*INFORMATION PROVIDED*.
>>>

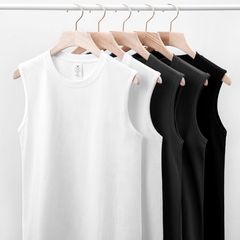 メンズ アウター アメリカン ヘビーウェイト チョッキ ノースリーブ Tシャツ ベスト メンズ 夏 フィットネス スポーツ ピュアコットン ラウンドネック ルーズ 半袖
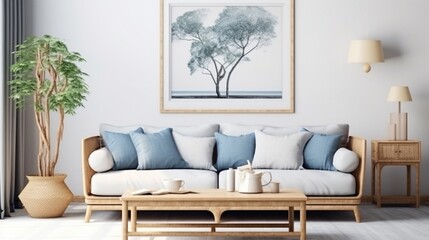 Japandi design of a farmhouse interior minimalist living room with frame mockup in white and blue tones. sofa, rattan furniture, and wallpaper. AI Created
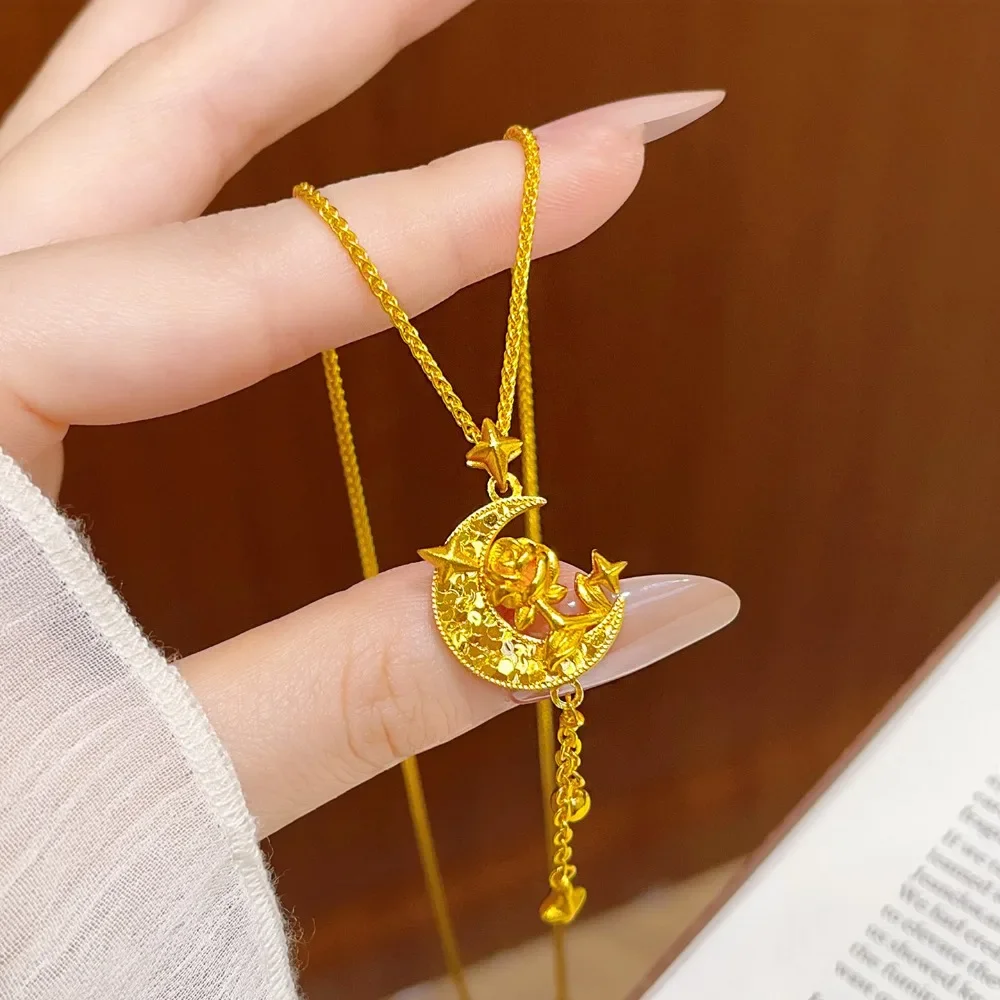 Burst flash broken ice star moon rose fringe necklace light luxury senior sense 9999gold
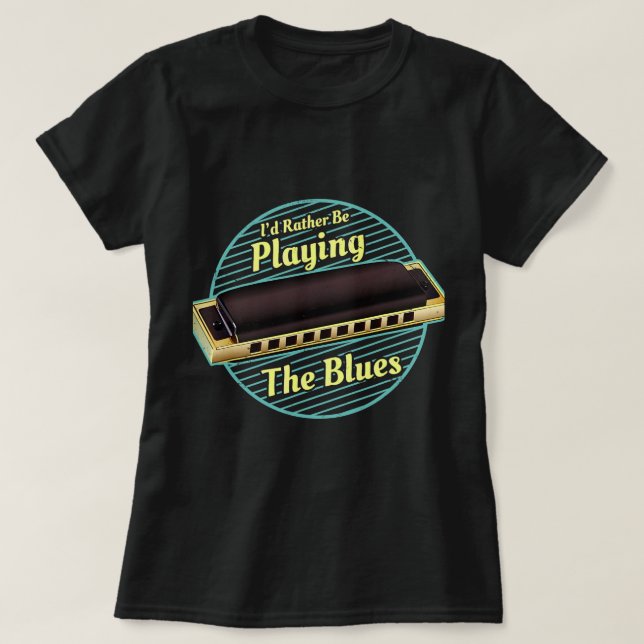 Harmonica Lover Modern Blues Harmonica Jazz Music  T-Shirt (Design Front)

<<<

*TASK DESCRIPTION*.
Lines from the one that contains "Japandi design of" to the final line of the material are the whole answer. Reproduce them word for word and skip the pictures.

*ANSWER SPACE*.
 Japandi design of a farmhouse interior minimalist living room with frame mockup in white and blue tones. sofa, rattan furniture, and wallpaper. AI Created
 Burst flash broken ice star moon rose fringe necklace light luxury senior sense 9999gold
 Harmonica Lover Modern Blues Harmonica Jazz Music  T-Shirt (Design Front)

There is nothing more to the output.